Evidently, it is now completely socially acceptable for banks to openly discriminate against middle-aged and older employees

By Jack J. Kelly


Bloomberg recently reported that UBS, the large Swiss-based bank, will be paying the lion share of bonuses to their highest earners and, additionally, their youngest (millennial) employees.

If you are wondering, no, not the youngest and biggest profit generators. Millennials are getting these bonuses solely because they are, well… millennials. The logic behind UBS’ decision, which, according to Bloomberg, is now becoming the norm on Wall Street, is that banks need to pay their younger staff exceptionally well to keep them from defecting to Silicon Valley and tech start-ups.

It used to be that Wall Street was the go-to place for eager, money-hungry, status-seeking, Ivy League alumni. As Wall Street caused a little thing called the financial crisis, engaged in market rigging, Ponzi schemes, money laundering scandals, and rung up hundreds of billions of dollars in fines, the best and brightest college kids started having second thoughts about a career in investment banking. You know what? I’m being too politically correct here. I’m sure that they really couldn’t care less about these shenanigans, as long as they could make enough money to pay off their student loans, get a loft apartment in Williamsburg, Brooklyn, Lamborghini, and a cool place in the Hamptons. It’s just now that they don’t need Wall Street to achieve these materialistic goals. Silicon Valley and tech companies can offer an easier and quicker path to riches. Real player cheddar, yo – millions and sometimes billions in stock after their company goes IPO – type money. These kids don’t have to settle for a measly $200k and listen to a boring, stuffy 35- year-old dinosaur pontificate about spreadsheets.

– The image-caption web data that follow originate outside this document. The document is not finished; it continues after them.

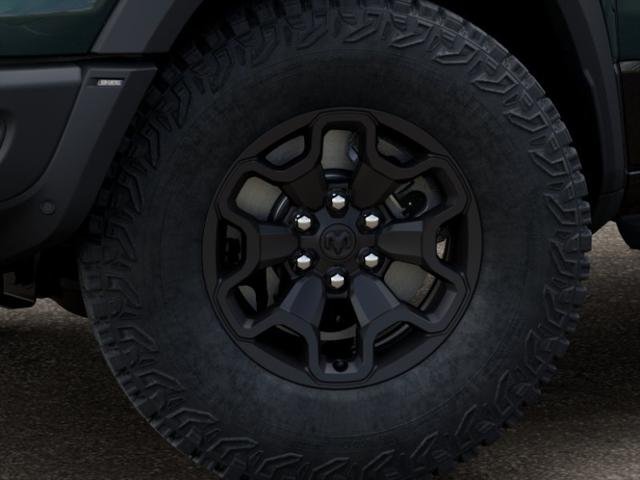 New 2026 Serrano-Green Metallic Exterior Paint RAM RHO image 34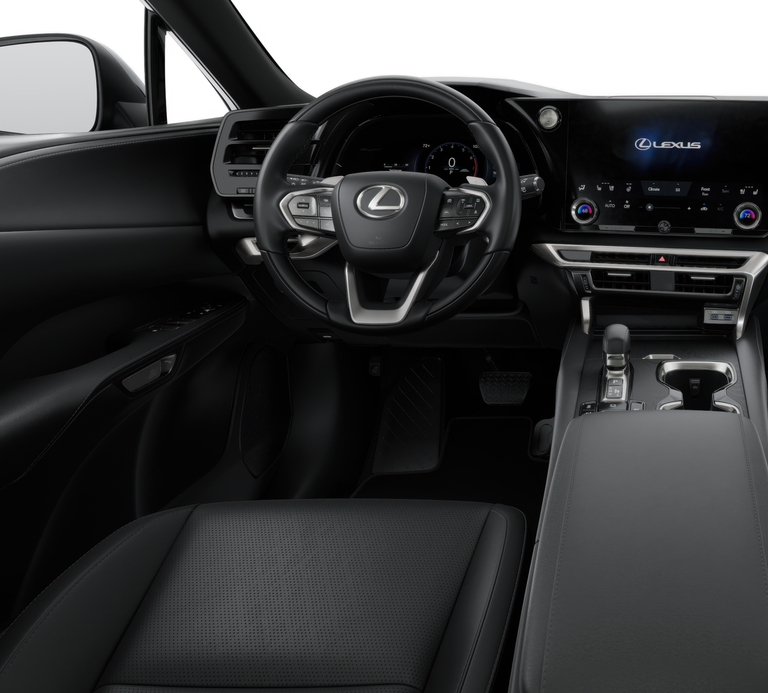 2026 Lexus RX HYBRID RX 350h PREMIUM+ AWD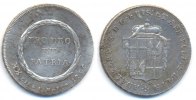 Fulda Abtei: Adalbert III. v. Harstall, 1788-1802 1/2 Taler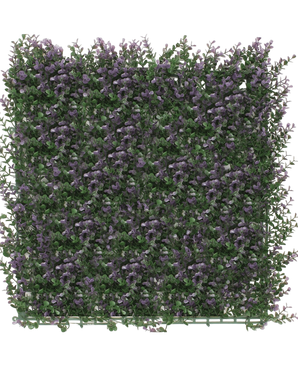 Kunsthaag Buxus Purple 50x50 cm UV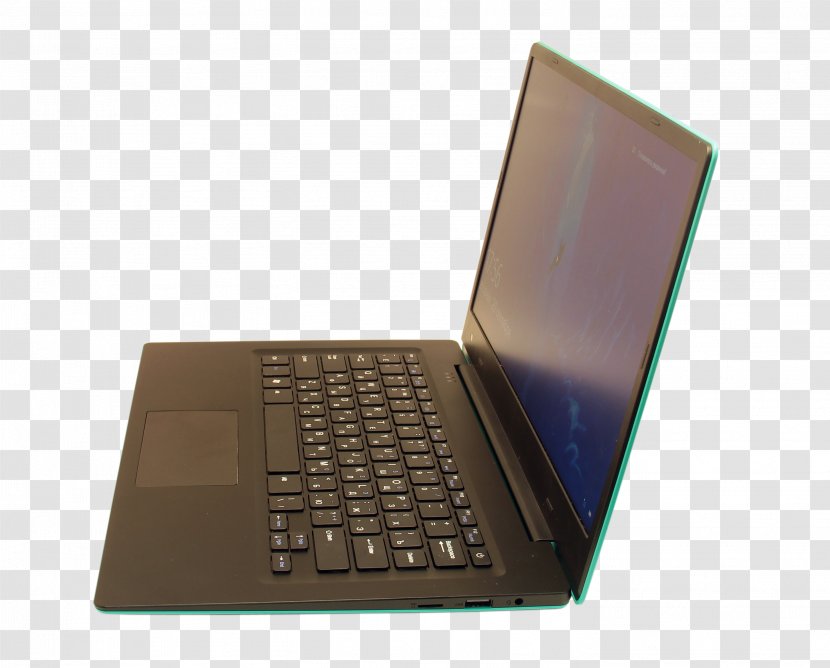 Netbook Laptop Computer Hardware Personal - Multimedia Transparent PNG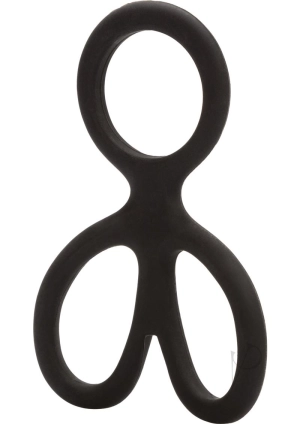 Silicone Ball Spreader Cock Ring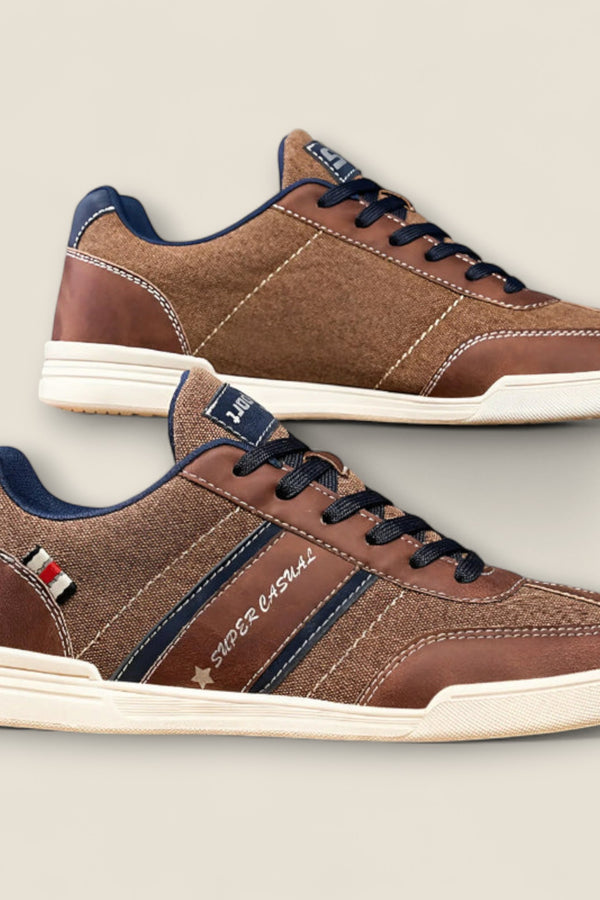 Ricardo - Ultra-Comfort Denim Sneakers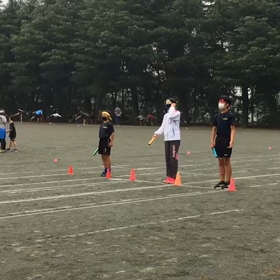 リレー特別練習⑬の画像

I think there is something even more sinister involved.  By rewarding the big producers and keeping the younger staff happy, the middle-aged people will be squeezed out. It is a not-so-subtle message to employees in their late 30’s on up that if they don’t produce profits, they are gone. Their job will be relocated to a cheaper location and they won’t be invited to go there. A junior person will take their comfortably worked-in seat. It is a blatant statement that if you are of a certain age and not a top-producer, you are not welcome here anymore. It’s time to be put out to pasture.

Would any bank or company do this to any other group? They would not dare to cherry-pick a racial, ethnic, religious, or gender group of people to pull back on bonuses and make them feel irrelevant and unwanted.

Also, what type of message are the banks sending to this group of privileged, young people? The banks are creating an environment where they’re reinforcing the stereotype of “everybody deserves a gold star” mindset that millenials are accused of having been raised with.  It will lead them to have a false sense of entitlement and unearned sense of self-worth, which may doom them to long-term failure.